İngiltere geleneklerine çok bağlı bir ülke olarak bilinir. Gelenekler ülke yönetiminin usul ve esasında çok önemli bir yer tutmaktadır. Demokratik uygulamalar içerisinde de geleneklere önemli bir teamül sağlanır. Oysa İngiltere Başbakanı Boris Johnson’un ulusal güvenlik başdanışmanı seçimi ülkede gelenekleri alt üst eden bir karar oldu. 

Demokratik değerlendirmeye bakılacak olursa, parlamentoda tek başına iktidar olan Johnson dilediği şekilde ulusal güvenlik başdanışmanını atayabilir. Ancak atama usulü ve atadığı kişi İngiltere’de halen dinmeyen bir tartışma sürecini fitilledi. Zira 2010 yılında oluşturulan ulusal güvenlik başdanışmanı görevine getirilmesi gereken kişinin siyaseten tarafsız olması ve görüşlerinin yansız olması gerekiyor. Oysa bu göreve atanan David Frost eski bir diplomat olmasına karşın İngiltere muhafazakar partisi üyesi ve eski bakan. Londra’daki istihbarat ve güvenlik çevrelerinde tartışma büyük. Bir başka tartışma konusu ise ulusal güvenlik konularında Frost’un ehil olmaması. Bugüne kadar bu göreve atanan isimlerin hepsi savunma ve güvenlik alanında “dirsek çürütmüş” üst düzey parlak memurlar arasından seçiliyordu. İngiltere’nin eski NATO büyükelçisi Peter Ricketts gibi. Muhafazakar partinin liderinin gelenekleri alt üst etmesi parti içerisinde de tartışmalara neden oluyor. BoJo ise kararında şimdilik ısrar ediyor.

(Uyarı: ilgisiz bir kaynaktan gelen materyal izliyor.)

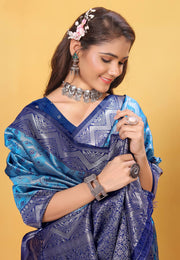 Sky Blue Kanjivaram Silk Saree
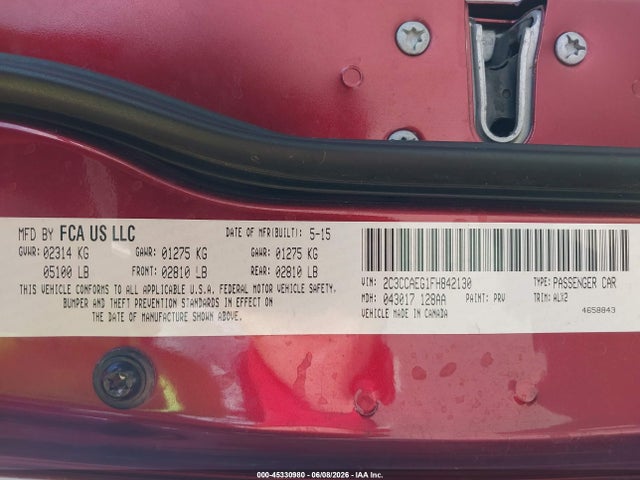 Aukcja sprzedaży 2015 Chrysler 300c, vin: 2C3CCAEG1FH842130, numer aukcji: 45330980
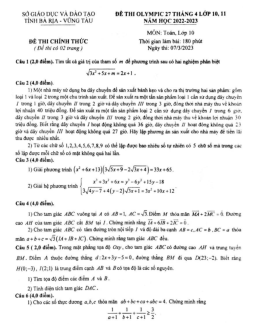 Đề thi Olympic 27 tháng 4 Toán 10 năm 2023 sở GD&ĐT Bà Rịa – Vũng Tàu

Paris’te yüzen sinema uygulaması

Paris Belediyesi 2002 yılından bu yana, deniz kenarına gidemeyen Paris’lilere plaj atmosferi yaşatmak için Seine nehrinin kenarını adeta bir plaja çeviriyor. ‘Paris Plage’ adlı etkinlikle Bassin de La Vilette bölümüne dökülen kumlar ve serilen şezlonglar çocuklara ve yetişkinlere deniz kenarı hissini yaşatabiliyor. Bu sene Paris Plage’da açık hava sinema keyfi de yaşanabilecek. Ancak bu açık hava sineması bildiğimiz Amerikan usulü arabayla gidilen bir sinema değil. La Vilette’de kurulan dev ekranın karşısına geçmek için Seine nehrinin kenarında bulunan 6 kişi kapasiteli sandallara binilerek izlenebilecek.